DESCRIPTION OF THE TASK:
Lines from the one containing "Patelnia do naleśników" through the final line of the records below are needed, copied exactly, with no pictures.

(Image-text web data)
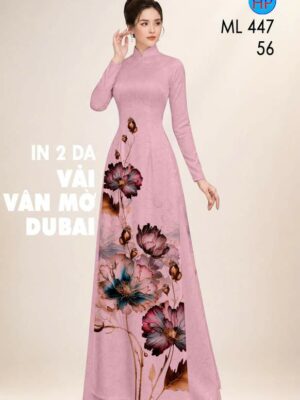 Vải Áo Dài Hoa In 4D AD ML447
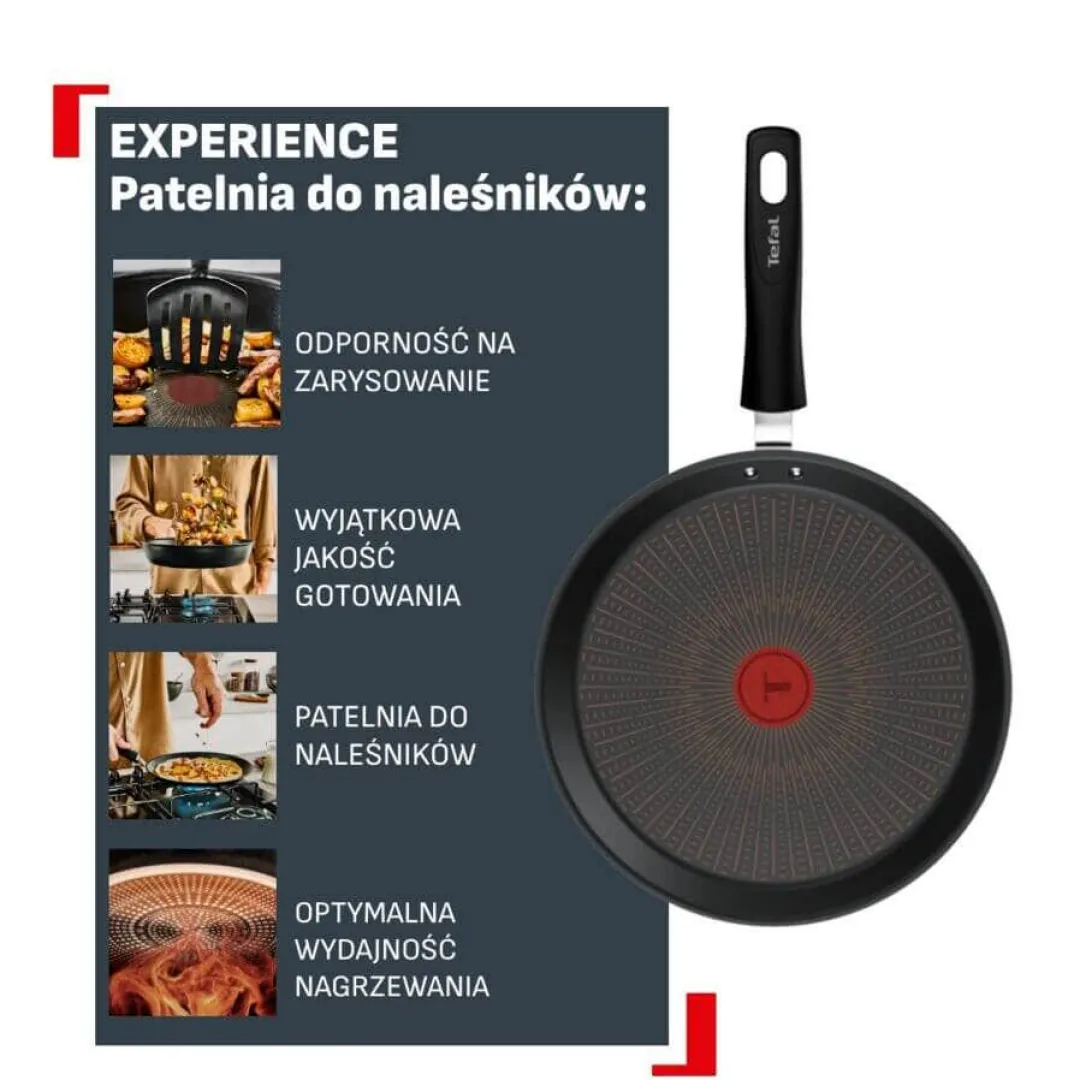 Patelnia do naleśników Tefal Experience 25cm Fusion Core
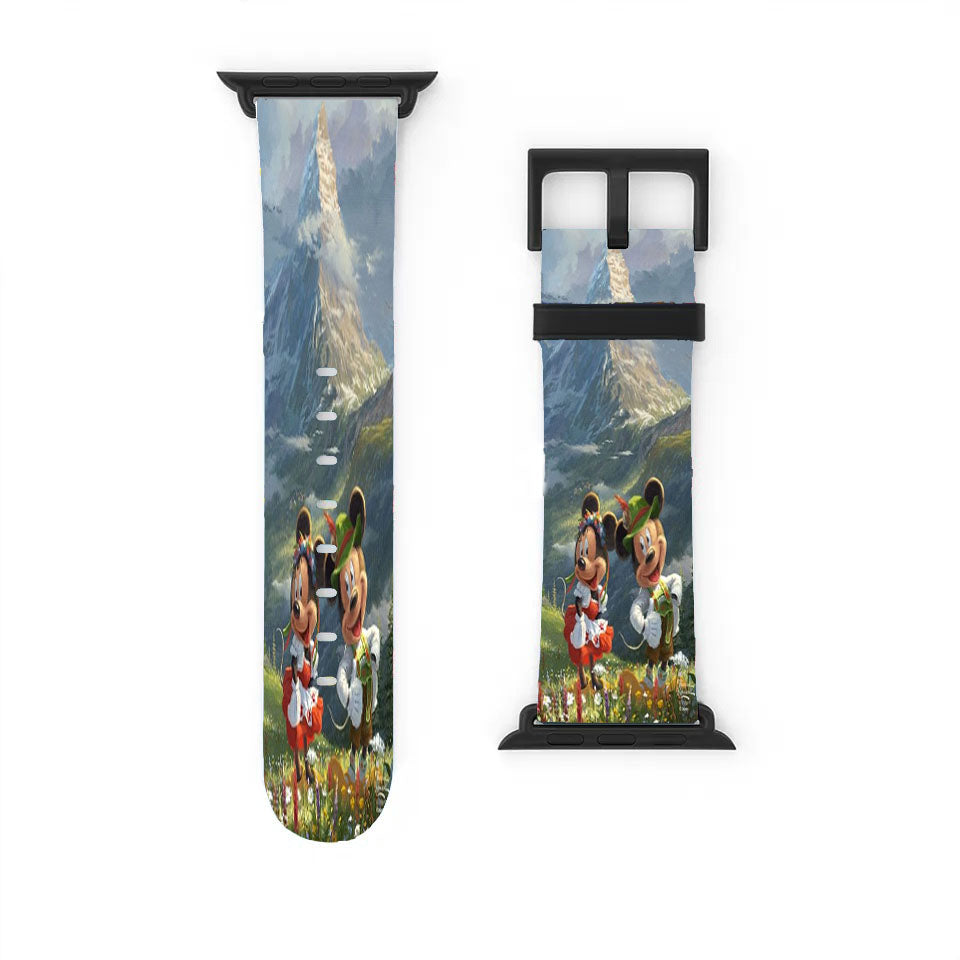 Mickey And Minnie In The Alps Apple Watch Band 38Mm - 44Mm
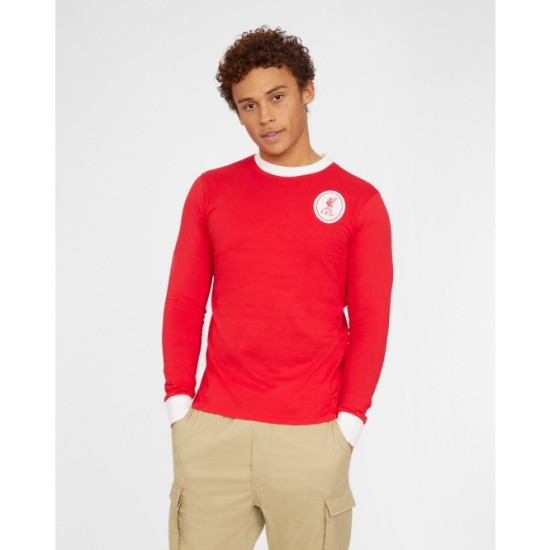 Camiseta retro local manga larga Liverpool 1963/68 de hombre
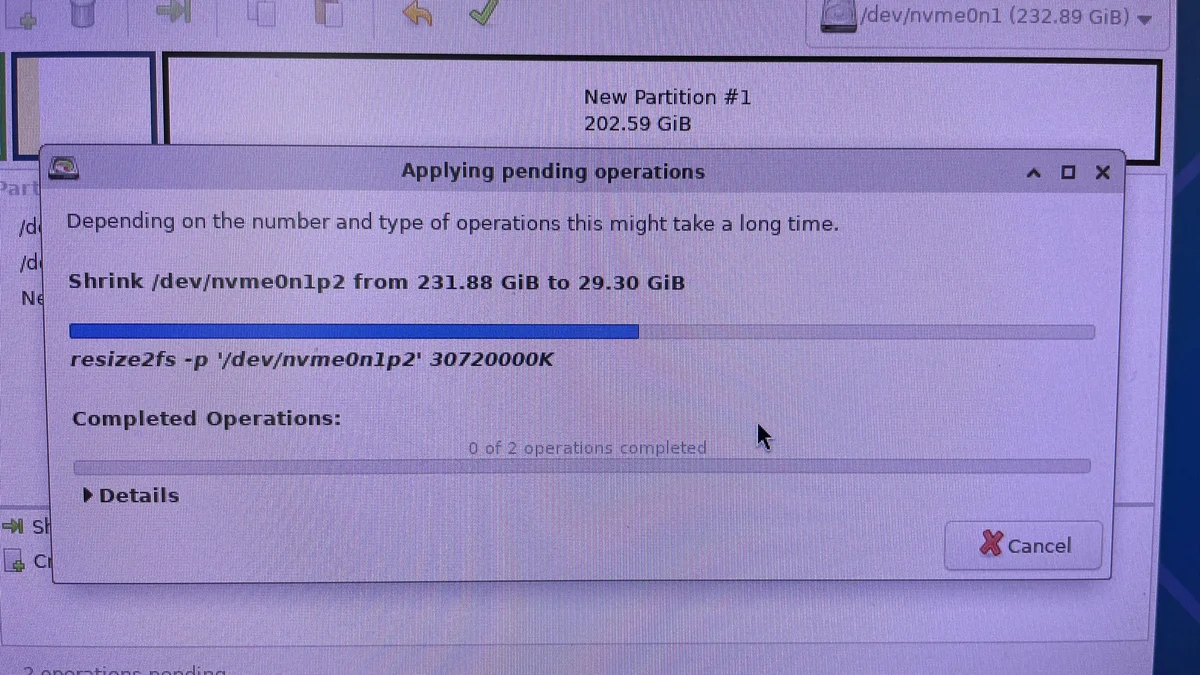Step 08 of systemrescue tutorial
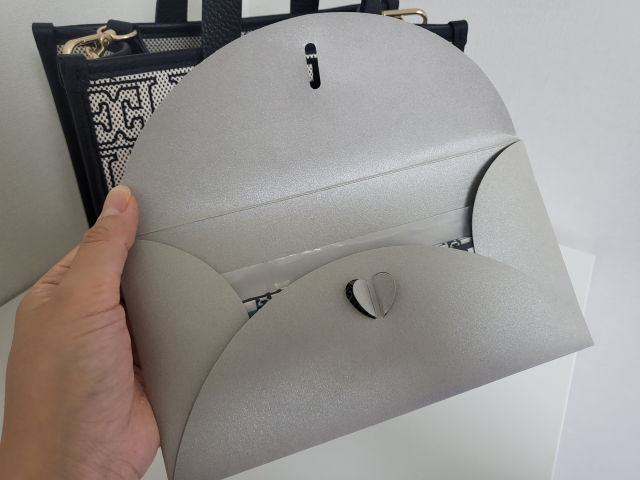 에스까다 자카드 토트백 블랙 후기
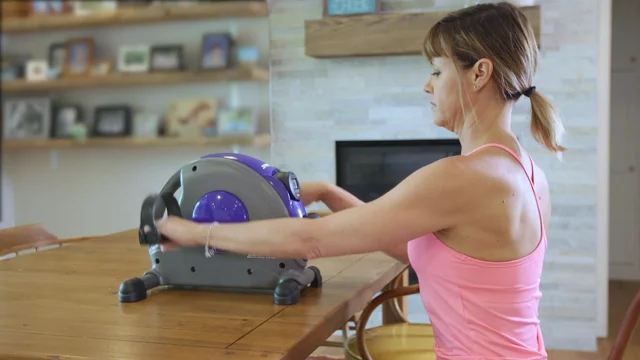 Stamina mini exercise bike with smooth pedal system online stores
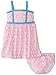 Nautica Baby Girls' Jersey Print Contrast Dress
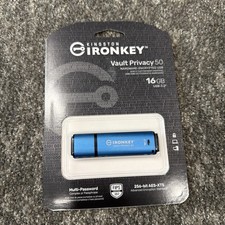 Kingston IronKey Vault Privacy 50 16GB USB Flash Drive (IKVP50/16GB) NEW picture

TASK RESULT:
 Patelnia do naleśników Tefal Experience 25cm Fusion Core
 Mickey And Minnie In The Alps Apple Watch Band 38Mm - 44Mm
 Camiseta retro local manga larga Liverpool 1963/68 de hombre
Step 08 of systemrescue tutorial
 에스까다 자카드 토트백 블랙 후기
 Stamina mini exercise bike with smooth pedal system online stores
 Nautica Baby Girls' Jersey Print Contrast Dress
 Kingston IronKey Vault Privacy 50 16GB USB Flash Drive (IKVP50/16GB) NEW picture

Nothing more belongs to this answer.